Walk: Up and Down and Up and Down Stairs and a bit around town
Distance: @ 1 mile, take yoga class, hit bucket of balls
Sometimes it really cheers me up to read some of the readers' comments on articles. When they are in our local rag I often feel uplifted about the quality of the people who live around me. For instance, today the paper had a big front page picture of a beautiful girl with the headline: Miss Utah's baffling answer.
Turns out Miss Utah was competing in the Miss USA contest. I'll let the Chronicle take it from there:
Asked why women comprise 40 percent of household breadwinners but continue to earn less than men, (the contestant) fumbled with her words before concluding that “We need to try to figure out how to…create education better…so that we can solve this problem.” Then they ran a video of what they called 'the memorable blunder.'
Clearly the Chron writer was pulling for 'dumb blond' responses, boos, hisses, any number of put downs of Miss Utah.

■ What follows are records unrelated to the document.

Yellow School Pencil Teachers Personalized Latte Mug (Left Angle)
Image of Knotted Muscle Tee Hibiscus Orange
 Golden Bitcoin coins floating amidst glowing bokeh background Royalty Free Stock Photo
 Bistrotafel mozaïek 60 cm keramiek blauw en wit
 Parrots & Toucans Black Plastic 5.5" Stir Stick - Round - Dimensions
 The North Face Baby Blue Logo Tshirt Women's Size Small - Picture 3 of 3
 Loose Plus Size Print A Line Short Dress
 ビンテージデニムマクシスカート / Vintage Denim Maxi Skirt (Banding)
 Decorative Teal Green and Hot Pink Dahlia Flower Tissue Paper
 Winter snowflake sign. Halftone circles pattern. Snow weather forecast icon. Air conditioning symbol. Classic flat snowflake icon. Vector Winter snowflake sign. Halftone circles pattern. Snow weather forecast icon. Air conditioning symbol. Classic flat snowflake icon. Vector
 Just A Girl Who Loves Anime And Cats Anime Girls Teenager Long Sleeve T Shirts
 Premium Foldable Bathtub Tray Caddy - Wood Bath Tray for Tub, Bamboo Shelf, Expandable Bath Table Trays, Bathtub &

Instead these are a few samples of the type of comments they got from readers with a couple of edits from ciwt:
* She must be humiliated. She's probably a very bright woman who just stumbled under pressure as everyone does from time to time - just not with the world watching (thank goodness) (This written by a man)
* um...It's a BEAUTY contest.
* What is stupid is asking a complex economics question of these babes (oops, but the rest is OK) and expecting a coherent answer, particularly in a sentence or two.
Personally I don't turn to beauty pageants when I want to understand such issues.
* Ladies and gentlemen, we have a politician!
* I'll charitably say that these young women are coached to give "smart-sounding" answers that require complex sentences that are tough for most people to construct on the fly. If she'd relaxed and just said "It's a long-lasting problem that will take a long time to fix, but it's still not fair" that would have been fine.
Or maybe she's just dumb as a box of rocks and her answer should have been "Have you seen how my teeth gleam?"
* Stan Fields (moderator): Miss Rhode Island, please describe your idea of a perfect date.
Cheryl "Rhode Island": That's a tough one. I'd have to say April 25th. Because it's not too hot, not too cold, all you need is a light jacket.
And more. Anyway, what I really liked is that the most popular comments side-stepped the paper's efforts to drag poor Miss Utah through more embarrassment and took the high ground of compassion, common sense and humor.
And now we could get onto to the whole topic of incendiary media, but that's waaaay over ciwt's head.